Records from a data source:
──────────

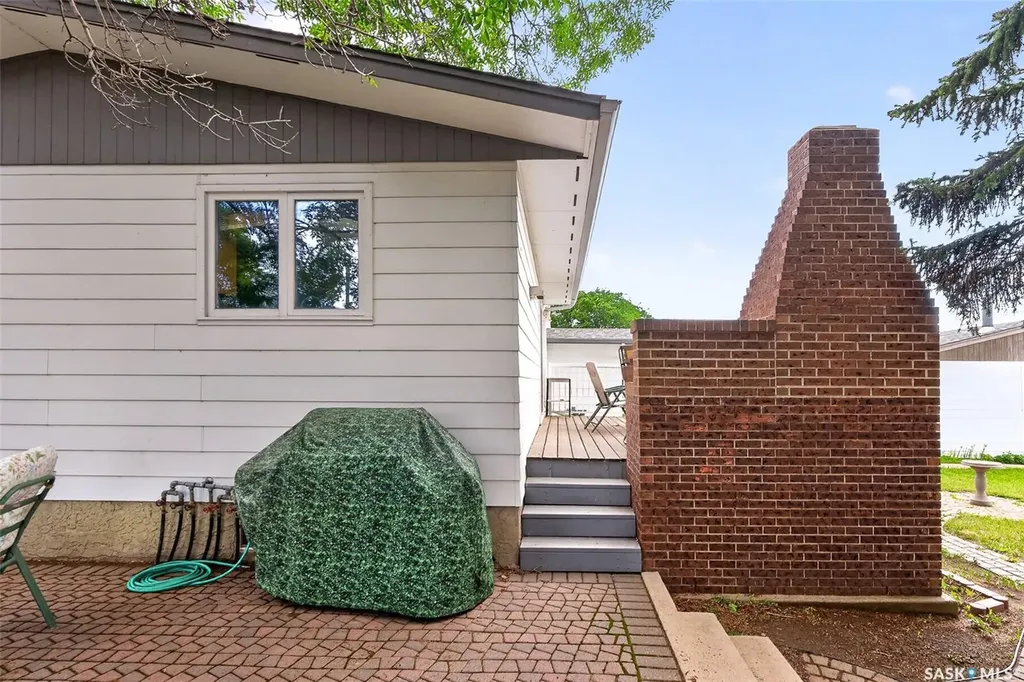 1343 Stadacona Street W Moose Jaw SK S6H 6L4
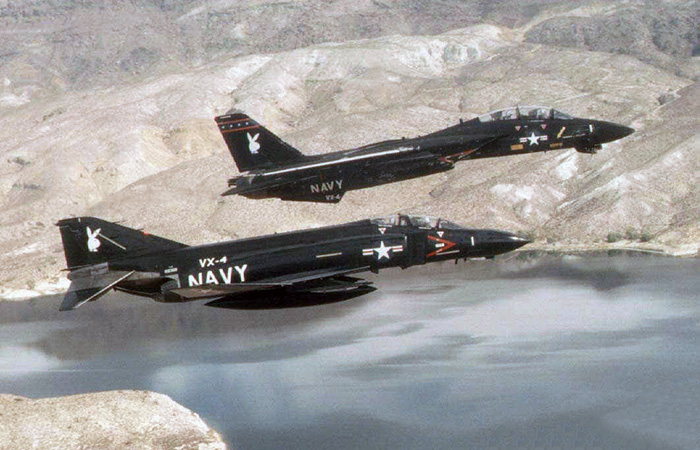 F-4J и F-14A./ Фото: modelersalliance.org F-4J и F-14A./ Фото: modelersalliance.org
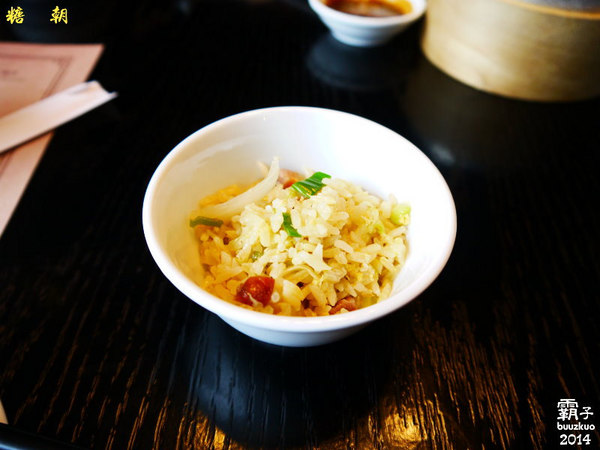 糖朝(台中金典形象店)：港式茶點之外還要加上現點現沖的原木桶豆腐花才過癮，「糖朝」(台中金典店) ～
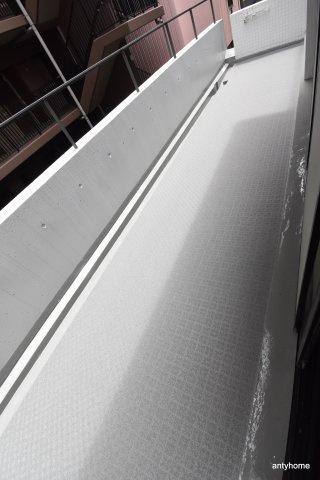 ヒルズ扇町　仲介手数料無料のバルコニー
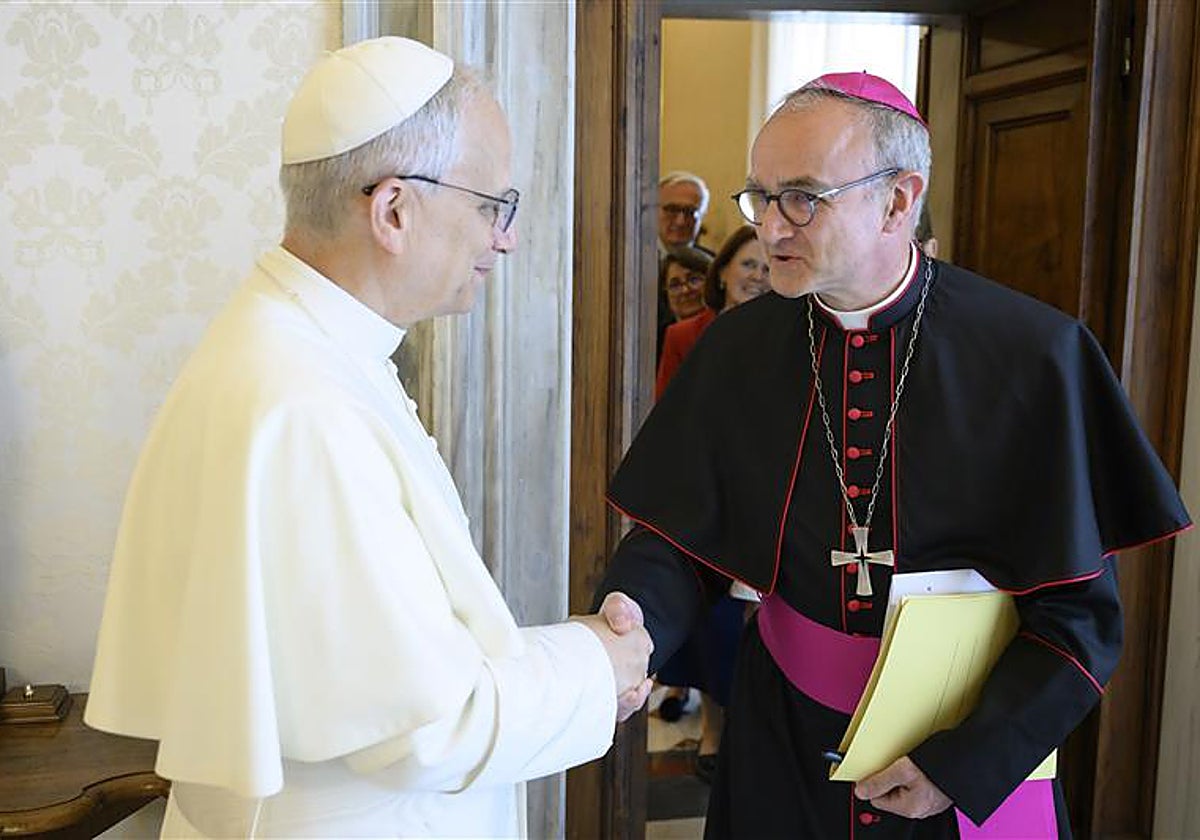 El Papa saludando al obispo Thibault Verny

──────────

DIRECTIONS FOR THIS TASK
Leaving out the pictures, restate word for word the lines above from the one containing "F-4J и F-14A./ Фото: modelersalliance.org F-4J" through the end of the records, both ends included.

SOLUTION FOR THIS PROBLEM
 F-4J и F-14A./ Фото: modelersalliance.org F-4J и F-14A./ Фото: modelersalliance.org
 糖朝(台中金典形象店)：港式茶點之外還要加上現點現沖的原木桶豆腐花才過癮，「糖朝」(台中金典店) ～
 ヒルズ扇町　仲介手数料無料のバルコニー
 El Papa saludando al obispo Thibault Verny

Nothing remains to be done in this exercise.